The "Grease Gun" name was derived from the weapon's appearance to a mechanic's grease gun of the period. The original weapon was designed by George Hyde of General Motor's Inland Division with production handled by General Motor's Guide Lamp Division of Indiana.

During the war, the Office of Strategic Services - forerunner to the Central Intelligence Agency of today - entertained the thought of a suppressed version of the weapon. This revision retained the basic form and function of the reworked M3A1 while adding an integral suppressed barrel to the design. The barrels were drilled in specific areas for dispelling propellant gasses and attached to the receiver via specially-designed nuts. Design of the suppressor was attributed to Bell Laboratories at the request of the OSS while barrels were manufactured by Guide Lamp Division with final assembly by the High Standard Firearms Company.

The weapon was not truly a "silent" weapon for it still managed the standard, low-velocity .45 ACP cartridge - inherently subsonic but still producing a telltale sound. The suppressor aided some in retarding the operator's sound profile but the combination was not efficient.
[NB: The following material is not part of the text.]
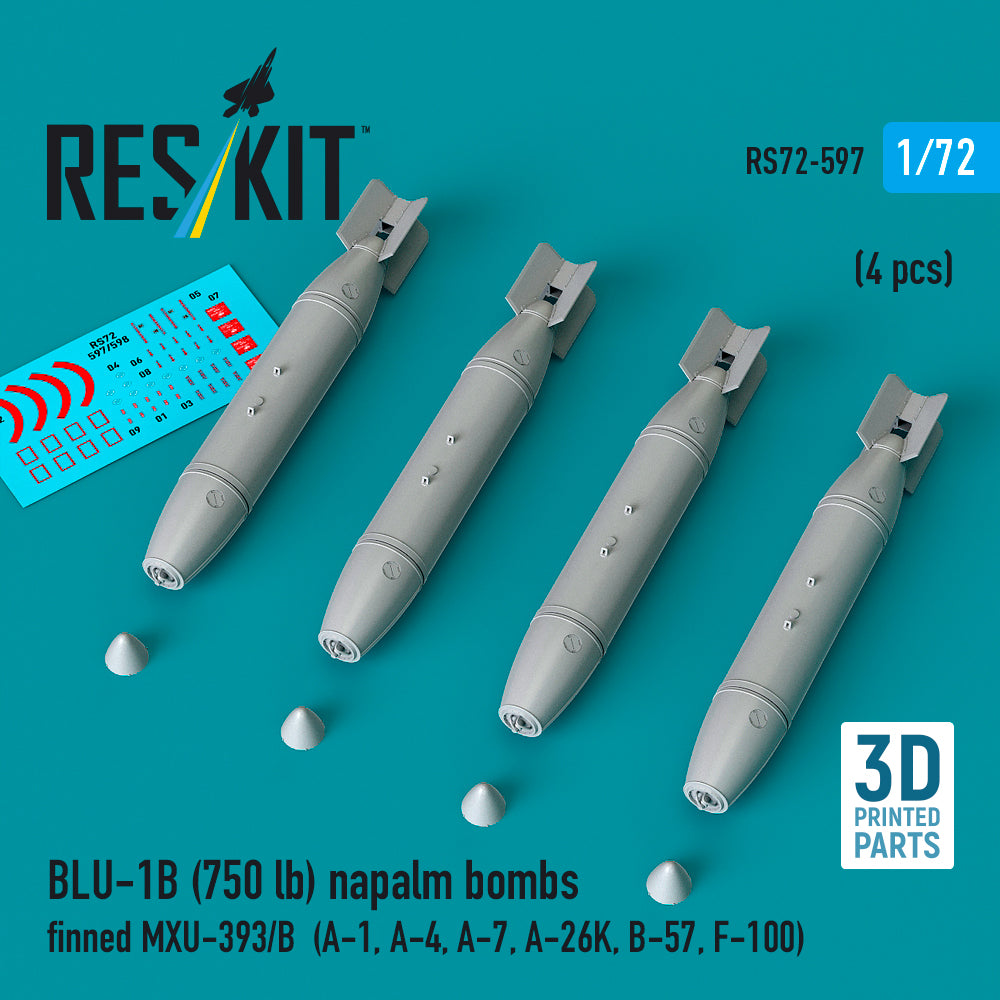 BLU-1B (750lb) napalm bombs finned MXU-393/B (4 pcs) (A-1, Douglas A-4, A-7, A-26K, B-57, F-100) (3D-Printed) (1/72)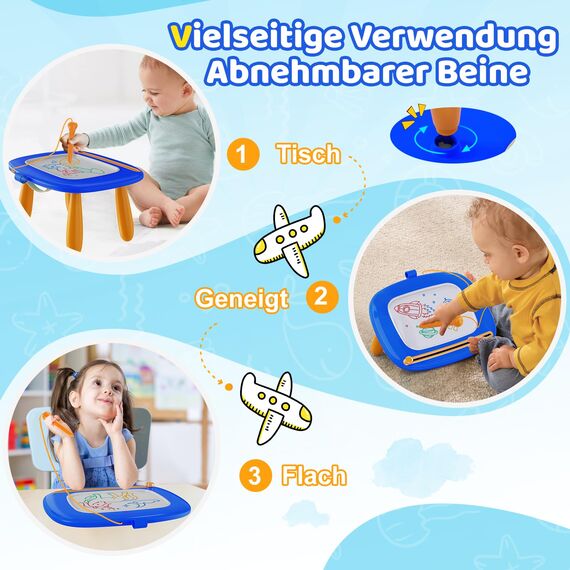 Kikidex Kleinkinder Spielzeug Alter 1-3, Magnetisch Zaubertafel, Mädchen Spielzeug für 1-2 Jahre, Magic Painting Board Lernspielzeug für 1 2 3 Jahre Baby Kinder, Geburtstag Geschenk (Dunkel Blau)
The remainder of the gun was largely unchanged and included the standalone pistol grip, collapsing twin-strut wire buttstock, tubular receiver and 30-round straight box detachable magazine which doubled as the forward grip. .

The OSS commissioned for some 1,000 suppressed M3A1s which certainly limited their overall reach in World War 2. Their suppression qualities proved poorer than the excellently-suppressed competing British STEN submachine guns - some 20% more audible than the British design.

Variants / Models

• M3 - Base series designation; initial production model.